Der Zwei-Meter-Mann begann in Hoffenheim als Trainer der U 17 und wurde schon nach einem halben Jahr zu den Profis befördert, als Assistent von Julian Nagelsmann. Später vertraute ihm TSG-Sportdirektor Alexander Rosen die Aufgabe als Nachwuchskoordinator an.

Matarazzo hat dazu beigetragen, dass die TSG in der Nachwuchsarbeit zu den führenden Klubs in Deutschland gehört. Sieben selbst ausgebildete Spieler stehen derzeit im Profikader der Hoffenheimer, ihr Marktwert wird auf 37 Millionen Euro geschätzt. Beim VfB hingegen liegt es schon eine ganze Weile zurück, dass sich Talente aus dem eigenen Stall in der Profimannschaft durchsetzen konnten. Zwar sind auch im Stuttgarter Kader sieben Eigengewächse gelistet (Marktwert: 6,8 Millionen), doch zählen dazu neben dem inzwischen 30 Jahre alten Daniel Didavi auch der zur zweiten Mannschaft versetzte Holger Badstuber und Philipp Förster, denen bei anderen Klubs der Durchbruch gelang.

Die Rückbesinnung auf die Ausbildung und Förderung der eigenen Talente hat der VfB schon vor Ausbruch der Corona-Krise und der damit verbundenen Finanznot propagiert. Auch deshalb fiel bei der Suche nach einem Nachfolger von Tim Walter die Wahl des Sportdirektors Sven Mislintat auf den Nachwuchsexperten aus Hoffenheim, der zuvor nie ein Erwachsenenteam trainiert hatte. Mislintat war es auch gewesen, der im vergangenen Mai, noch ehe die Bundesliga-Rückkehr feststand, gegen Widerstände Matarazzos vorzeitige Vertragsverlängerung bis 2022 durchdrückte. Denn: „Rino macht seinen Job zu 100 Prozent.
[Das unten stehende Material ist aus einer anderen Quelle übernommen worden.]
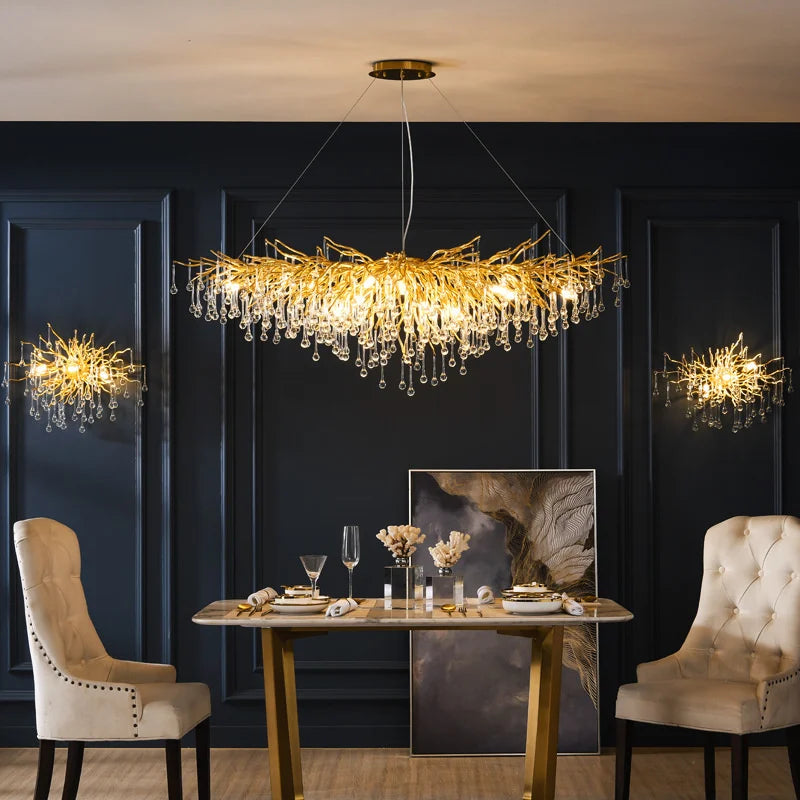 lustre en cristal led de luxe moderne simple intérieur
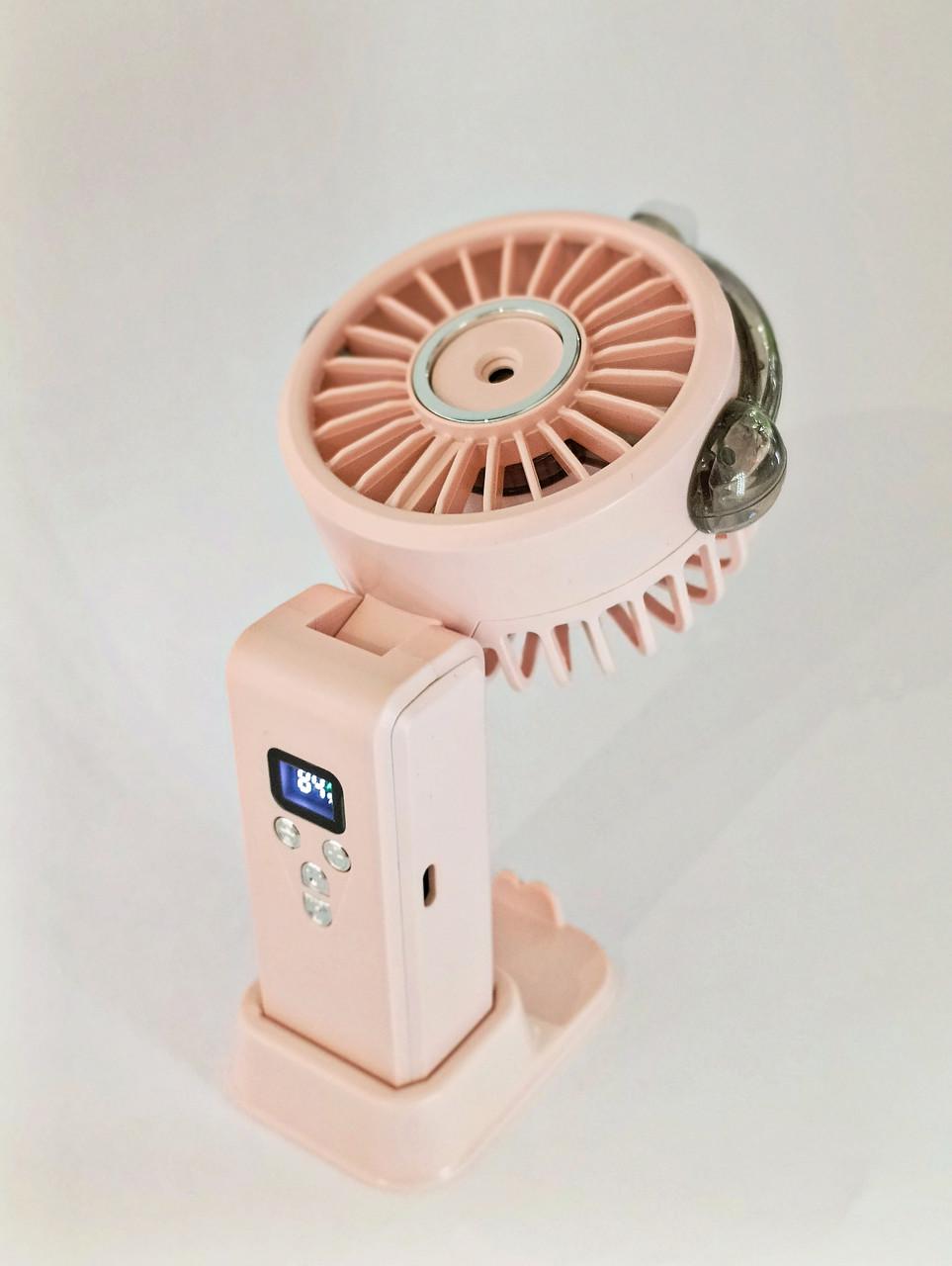 Вентилятор на акумуляторі з розпиленням води 20 см Рожевий - фото 4 Вентилятор на акумуляторі з розпиленням води 20 см Рожевий - фото 4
Er hat den Hunger, diesen Verein erfolgreicher zu machen.“

An Matarazzo liegt es nun, nicht nur den VfB insgesamt, sondern auch die eigenen Talente nach vorne zu bringen, allen voran Lilian Egloff (18). Dass der Coach bereit ist, auf die Jugend zu setzen, daran gibt es längst keinen Zweifel mehr. Unter ihm haben die von außen geholten Silas Wamangituka (21), Mateo Klimowicz (20), Roberto Massimo (20), Tanguy Coulibaly (19) oder Darko Churlinov (20) gewaltige Entwicklungssprünge gemacht.

Es soll erst der Anfang sein, für die jungen Spieler, aber auch den Trainer selbst. „Sehr dankbar“ ist Matarazzo für die zweieinhalb Jahre in Hoffenheim – und denkt bei der Rückkehr dennoch nicht daran, die Punkte im Kraichgau zu lassen.